I wrote something like this in my post on the last Shins album, but to sum up: the Shins never went Full Weezer. They haven't embarrassed themselves, they haven't released any duds or genre experiments or collaborations with Billy Ray Cyrus. But there's been a slow dulling of the edges, that started all the way back with their follow up to this one. Things got shinier, the simplicity disappeared into studio perfection, and when that became too boring and they tried to move back into scarier territory, they'd seemingly gotten too good to accidentally create a work of transcendence like Oh Inverted World.

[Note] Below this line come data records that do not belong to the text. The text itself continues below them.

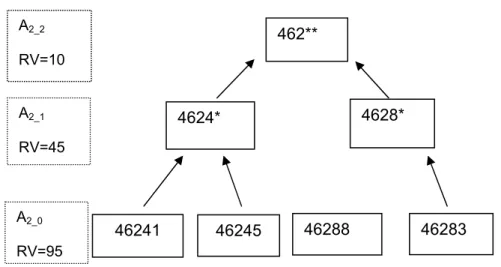 Figure 1 and Figure 2 provide examples of the domain generalization hierarchies for the  race and zip code attributes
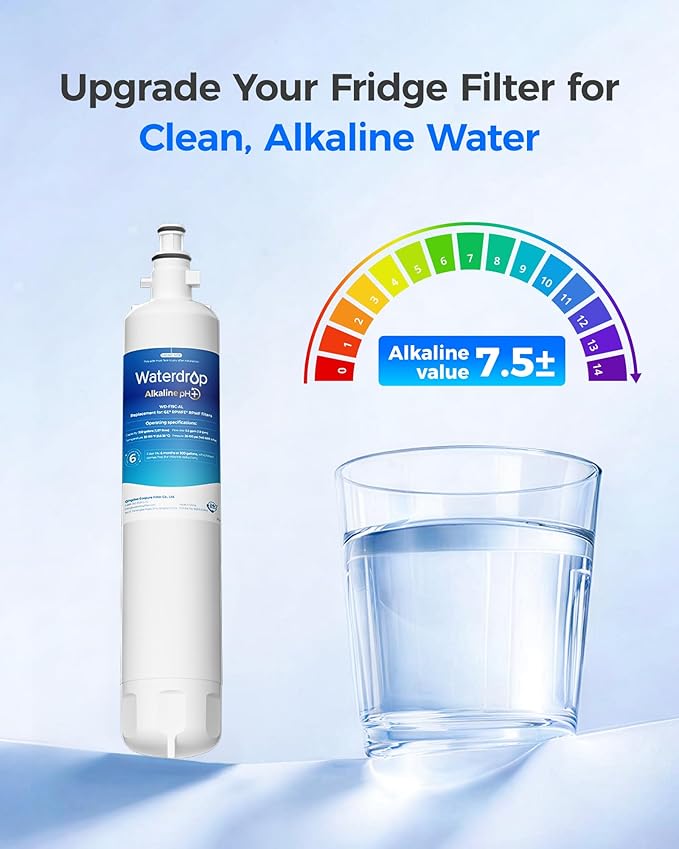 Waterdrop WD-F19C-AL Alkaline Refrigerator Water Filter, Enhances pH, Replacement for GE® RPWFE®, RPWF (Built-in CHIP) Refrigerator Water Filter, Compatible with GFE28GYNFS, GFE28GELDS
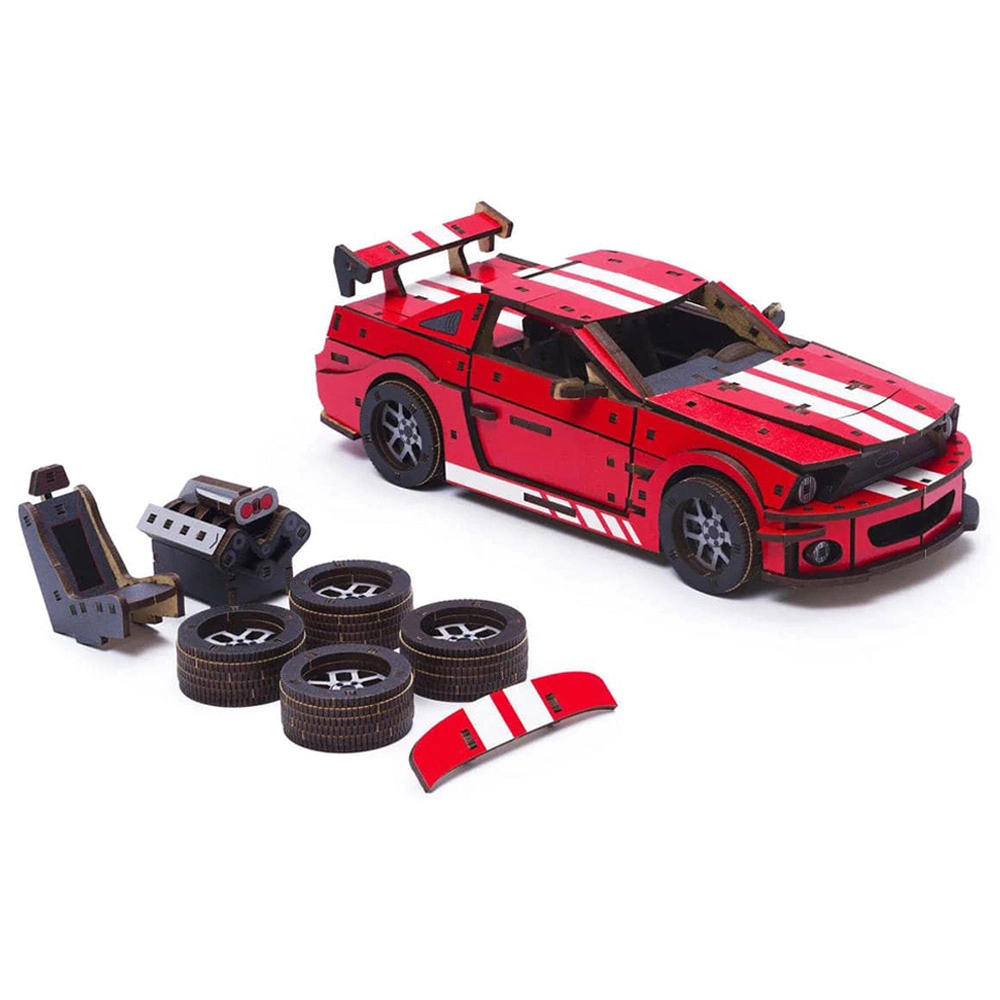 Stallion GT 3D Wooden Puzzle (4107390-STALLION_GT_RED) - 248 pcs + Comet GTS 3D Wooden Puzzle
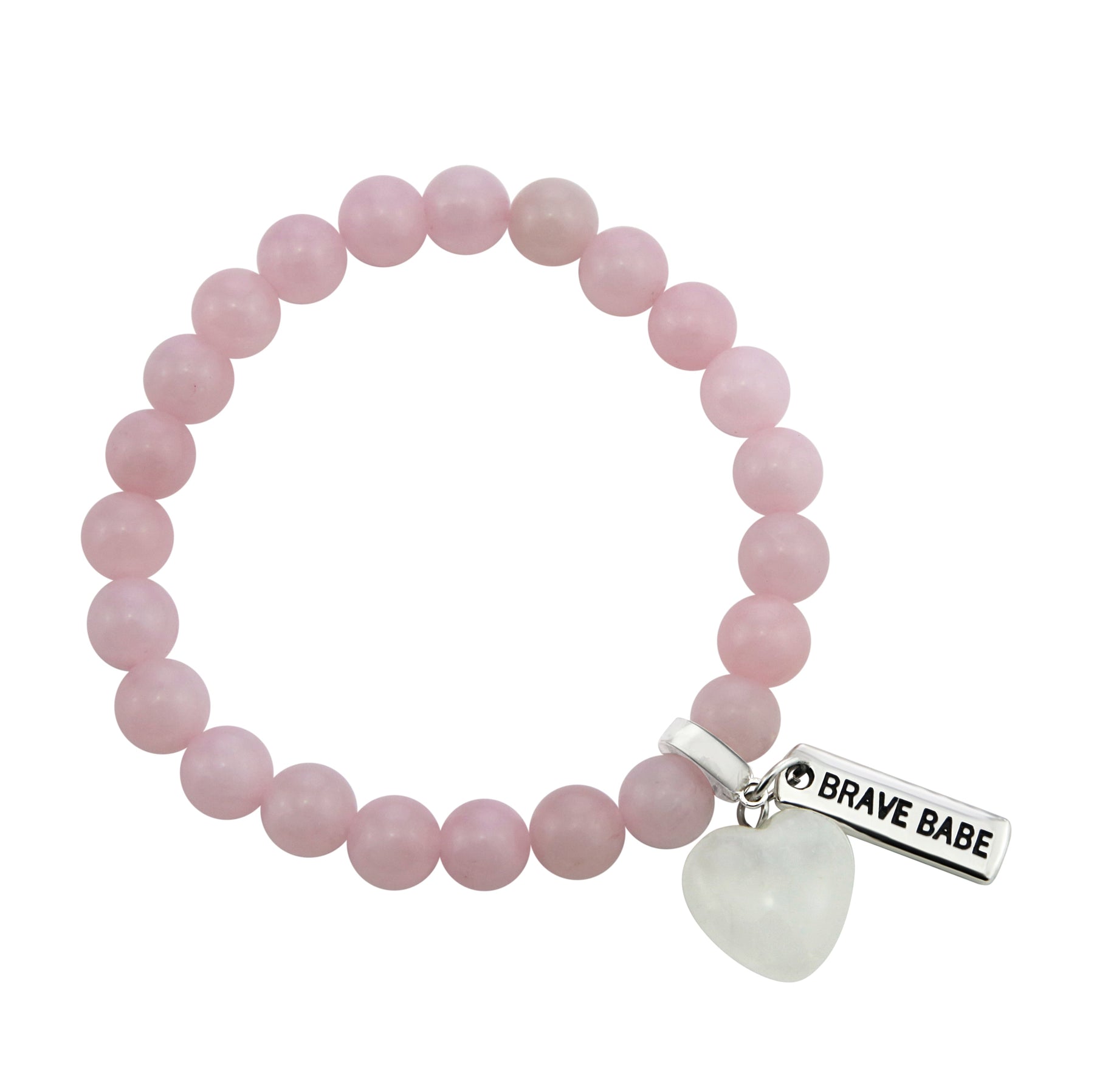 Rose Quartz Bracelet With Mini Heart Charm (8MM)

This has never been my favorite album, or even on my all time top 10 (if I was to make such a list). I have no particular emotional bonds with it, despite listening to it a lot in college, but it's not a specific nostalgia trip for me. But when I listen to it now, it's like a hot knife into my ribs. It's so pure and good. I've never broken down crying listening to it, but I wouldn't be surprised if that happens at least once by the time I'm 70.

05.20.2019
Vampire Weekend
Father of the Bride

Father of the Bride is Vampire Weekend's Blonde. But not their Blonde on Blonde. Or is it Blond? That's what the cover says. No, I think it's Blonde.

04.29.2019
Sunn O)))
Life Metal

The guys from Sunn O))) dress like wizards, but Steve Albini actually is one.

04.29.2019
Possible Humans
Everybody Split

Possible Humans are extremely Melbourne in that weirdly specific way that bands from Melbourne are. Dry and jangly and direct and melodic with just a hint of bitterness. The first few songs are great, but then I zone out a little, so I don't know.

04.29.2019
Billy Woods
Hiding Places

Billy Woods isn't the most charismatic, energetic, transformative, convivial, melodic, magnetic, revolutionary, or even entertaining rapper, but he writes like a damn Pulitzer winner. Three brief excerpts:

But the sun crept,
diggin' at that empty house as the shadow stretched
The dog ran off, didn't come back yet

Overseas connection choppy, she's gettin' worse
Your sister talked to the nurse, everybody in church
Everybody wants to know if you comin'
But they won't say the words

I don’t wanna go see Nas with an orchestra at Carnegie Hall.

These are just three kinda random pulls, but every song on this album plays out with the tension and release of a very good short story. And not in like a "um actually rappers are really storytellers have you ever listened to Ghostface?" kind of way. Even though Ghostface is great. But Billy Woods is on his own level as far as wordsmithing goes. And the beats he works with are dark, minimal, and weird, making this whole album a gripping listen, if not a very fun one.

07.07.2019 - by Steve
Boog's BarbecueBaltimore
Barbecue pit beef

Camden Yards is a very important ballpark, in that it changed the way that every ballpark since has been designed and built (for better or worse, but I'll go ahead and say better). It's still a great place to watch a baseball game, and a charming piece of architecture, even if it's been copied and and bettered in many ways in ensuing years. I like Camden Yards.

Boog's Barbecue, found out in right field in the alley by the iconic warehouse, is in its own way a very important food stand. It's become tediously normal now, a stadium showcasing unique local foods and restaurants rather than simply offering hot dogs and nachos, but in the early 90s Boog's was one of the first. Every time a TV announcer talked about how beautiful Camden was, they'd always mention Boog's. Or laugh with each other about how "Boy I can't wait to get some B-B-Q before this game is done!" It became a thing.

Beyond that, I don't have a whole lot to say about Boog's, but it was actually pretty good. I was prepared to be fully underwhelmed, because that's usually how things work, but no, it was very satisfying. So go to Camden Yards, it's still great. And get some Boog's.